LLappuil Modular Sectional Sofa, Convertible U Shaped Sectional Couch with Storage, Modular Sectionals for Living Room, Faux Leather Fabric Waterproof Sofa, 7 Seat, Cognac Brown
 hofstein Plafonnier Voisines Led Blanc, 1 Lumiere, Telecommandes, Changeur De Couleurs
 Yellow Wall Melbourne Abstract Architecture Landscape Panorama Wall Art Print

---

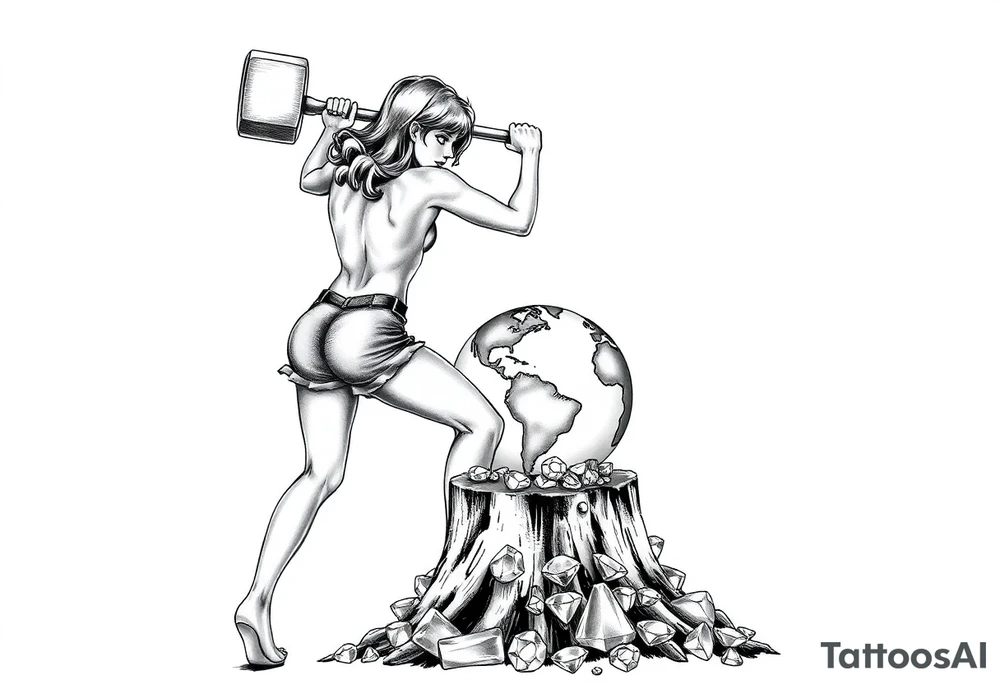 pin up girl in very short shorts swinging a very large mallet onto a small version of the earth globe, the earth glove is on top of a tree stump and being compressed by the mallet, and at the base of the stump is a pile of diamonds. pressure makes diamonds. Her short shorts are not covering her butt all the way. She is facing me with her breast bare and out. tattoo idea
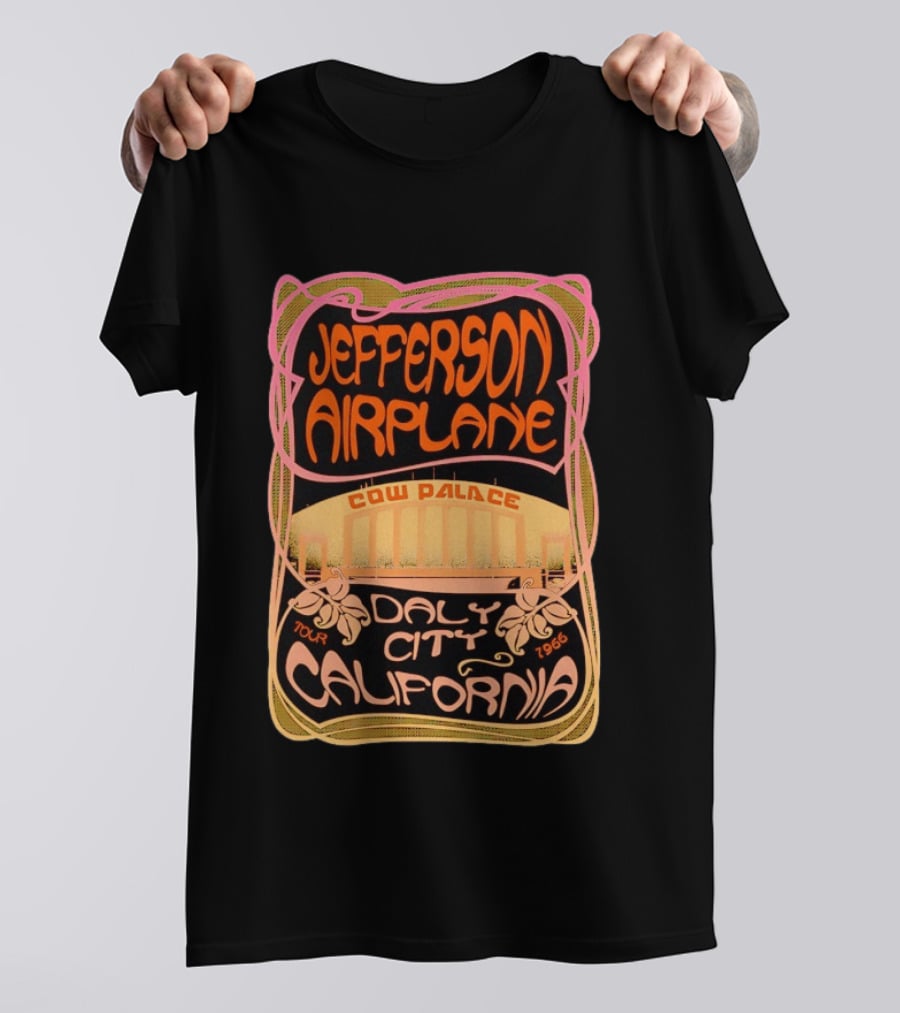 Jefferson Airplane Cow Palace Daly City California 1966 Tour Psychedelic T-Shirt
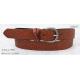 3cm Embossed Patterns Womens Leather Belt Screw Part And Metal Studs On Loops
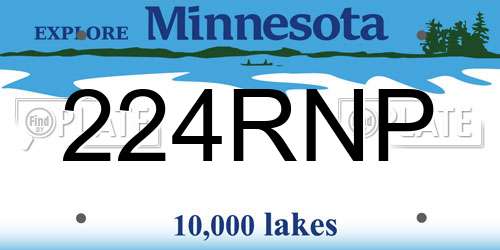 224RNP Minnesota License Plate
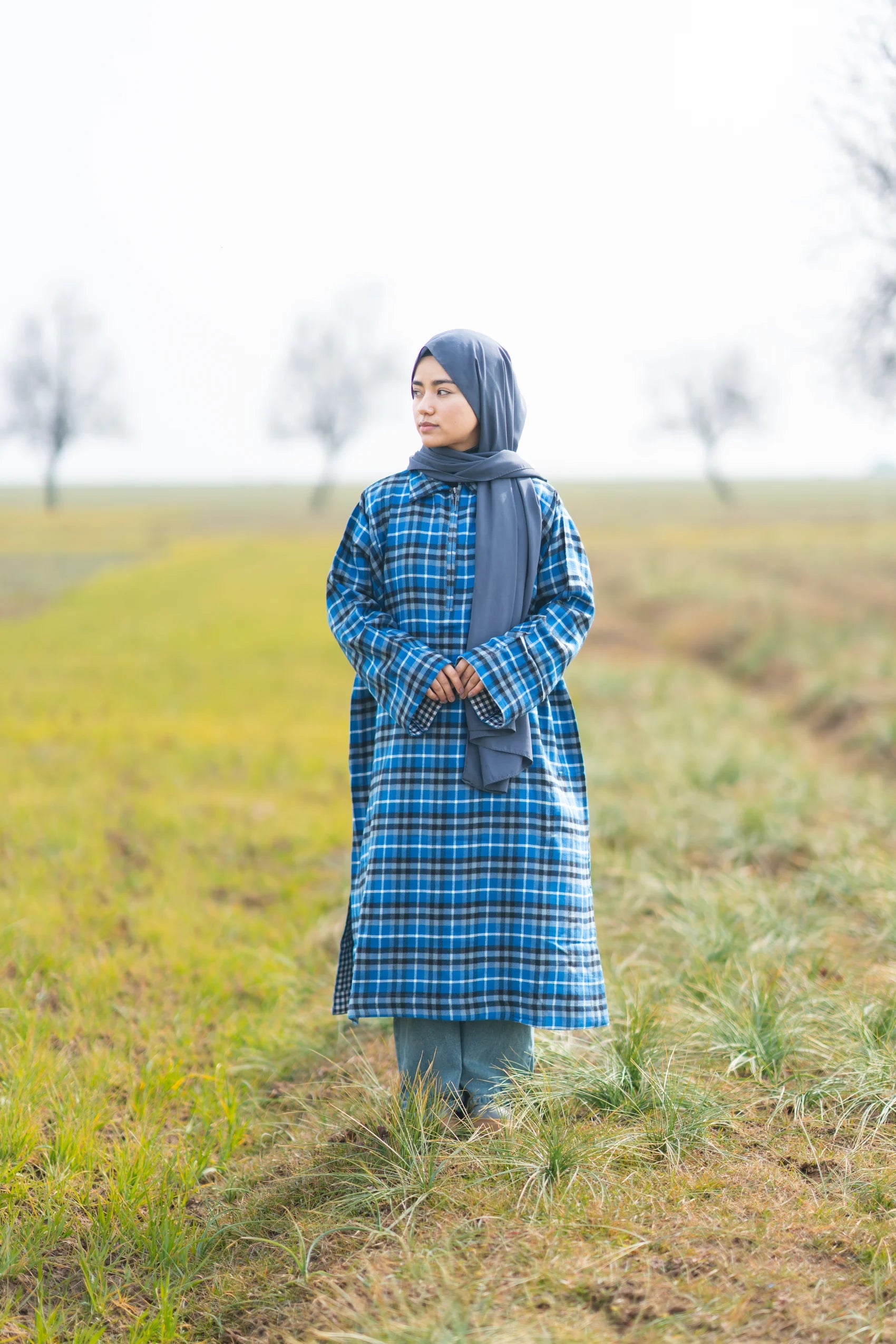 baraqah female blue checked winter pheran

...

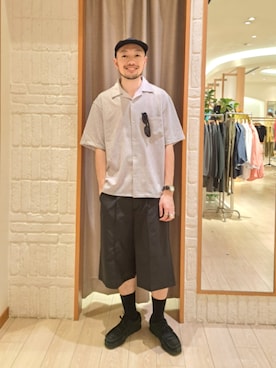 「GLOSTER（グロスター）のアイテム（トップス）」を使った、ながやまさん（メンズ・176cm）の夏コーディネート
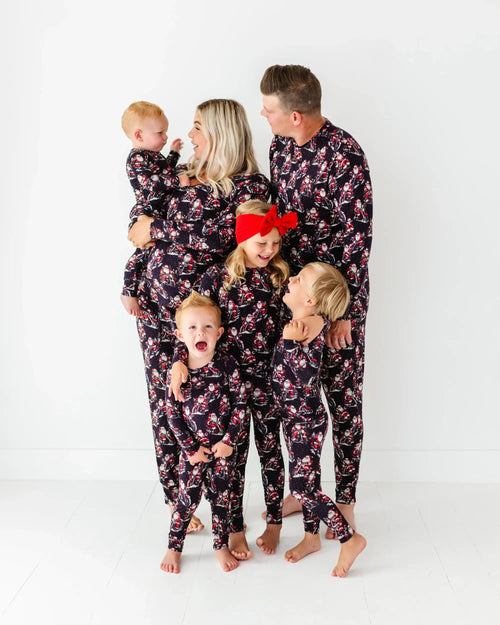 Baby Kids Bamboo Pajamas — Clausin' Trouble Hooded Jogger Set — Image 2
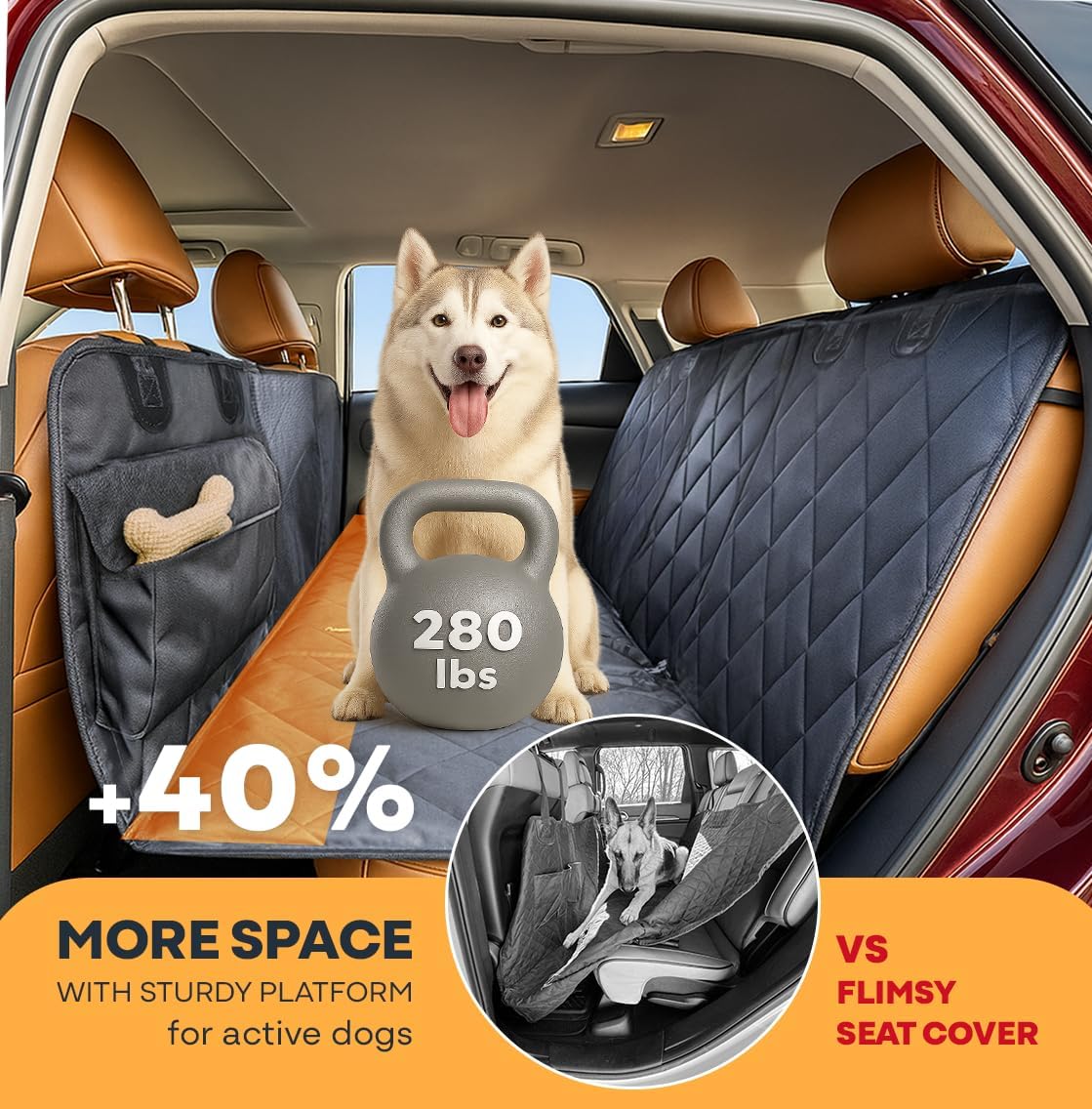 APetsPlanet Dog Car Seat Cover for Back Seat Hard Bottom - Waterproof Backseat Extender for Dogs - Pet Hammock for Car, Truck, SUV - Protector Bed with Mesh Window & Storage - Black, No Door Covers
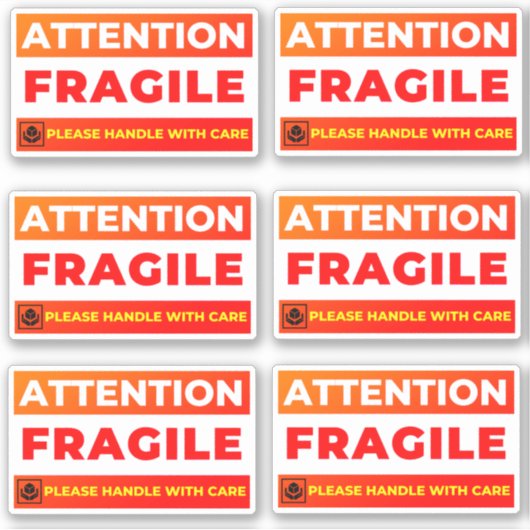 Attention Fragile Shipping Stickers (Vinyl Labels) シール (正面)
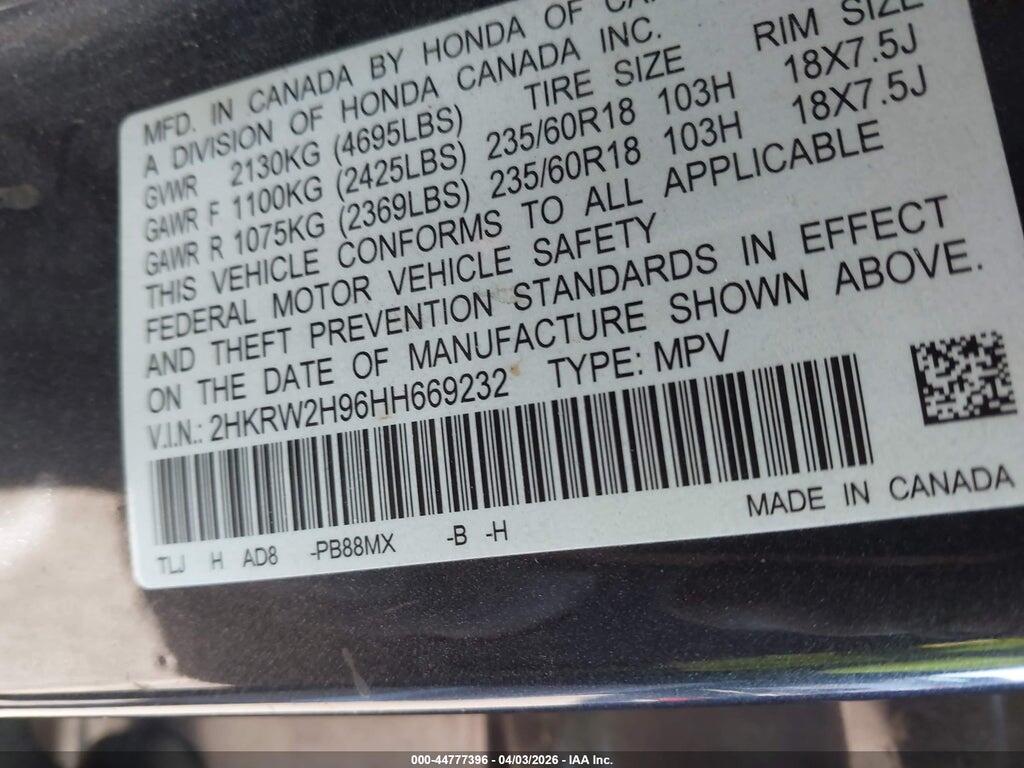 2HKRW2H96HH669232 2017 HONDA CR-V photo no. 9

▶ _What is expected_: Return exactly the lines of the material above, starting at the line containing "pin up girl" and finishing at the line containing "baraqah female blue checked winter pheran", without any pictures.

▶ _Solution to this task_:
 pin up girl in very short shorts swinging a very large mallet onto a small version of the earth globe, the earth glove is on top of a tree stump and being compressed by the mallet, and at the base of the stump is a pile of diamonds. pressure makes diamonds. Her short shorts are not covering her butt all the way. She is facing me with her breast bare and out. tattoo idea
 Jefferson Airplane Cow Palace Daly City California 1966 Tour Psychedelic T-Shirt
 3cm Embossed Patterns Womens Leather Belt Screw Part And Metal Studs On Loops
 224RNP Minnesota License Plate
 baraqah female blue checked winter pheran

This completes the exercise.